すっきりと目が覚める朝もあれば、どうにも身体がだるくて、思うように動けない朝もあったり。
身体はどこも痛くないのに、見えない奥の部分のもやもやが一向に消えてくれず、しばらくぼーっとしてしまったり。
そんな、どうにも良い波にのれない1日のはじまりに、ふと思い出す言葉があります。
悩むことは大切です。正解、不正解だけではなく、どうしようもない状況というのが存在することを知って欲しい。世界は白と黒の二色ではなく、グラデーションです。二択ではありません。二次元ですらありません。それを表現するために言葉があり、文学があります。
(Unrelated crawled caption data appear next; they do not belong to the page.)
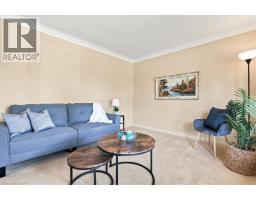 184 MURDOCK Avenue - 9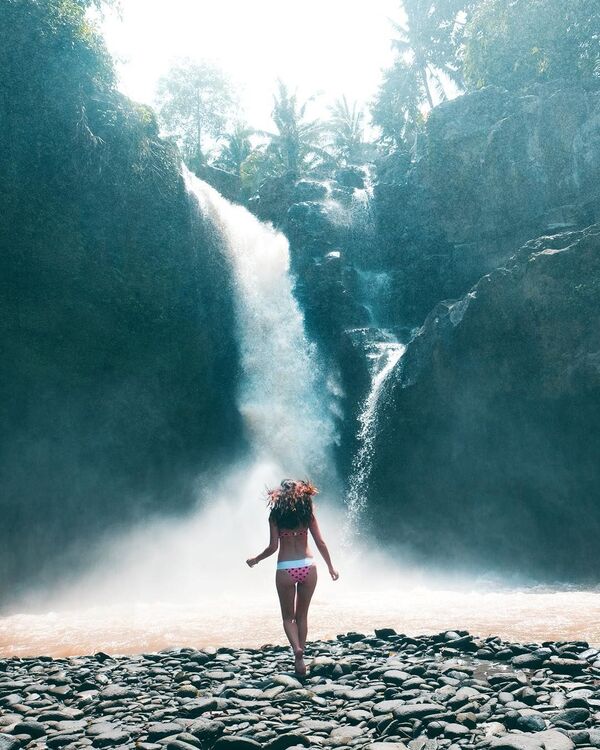 عکسی از آبشار در بالی در پروژه «چقدر دور از خانه» - اسپوتنیک ایران  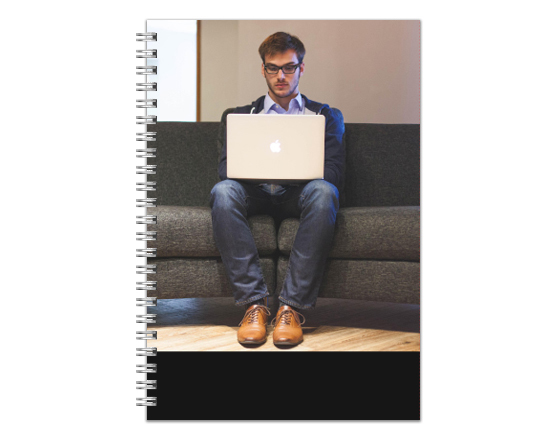 Agenda settimanale 14x21 con foto e fascia nera sotto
(又吉直樹『夜を乗り越える』より)
白と黒の間はグレーとも言い切れなくて、
きっとうすーいグレーもあれば、
ほぼ黒だけど黒ではない、色もあるのだと思います。
なんと名前をつけたら良いのかわからない色ばかりで、
私たちの毎日はできているのかもしれません。
そもそも、それに名前をつけることすら必要ないのに、
誰から言われたわけでもなく、むりくりに名前をつけようとしているのかも。
わからないものはわからない。
それは今わからないだけで、きっといつかわかる日が来るのかもしれない。
でもわかろうとすることだけは、やめたくないなあと思うのです。
もし何か今、はっきりさせたくてもできないことがあるのなら、
今はもうしばらくグラデーションを楽しんでいても良いのかも。
今日の私もまた、なんとも名前のつけようのない色のグラデーションに包まれて、こうして1日がはじまりそうです。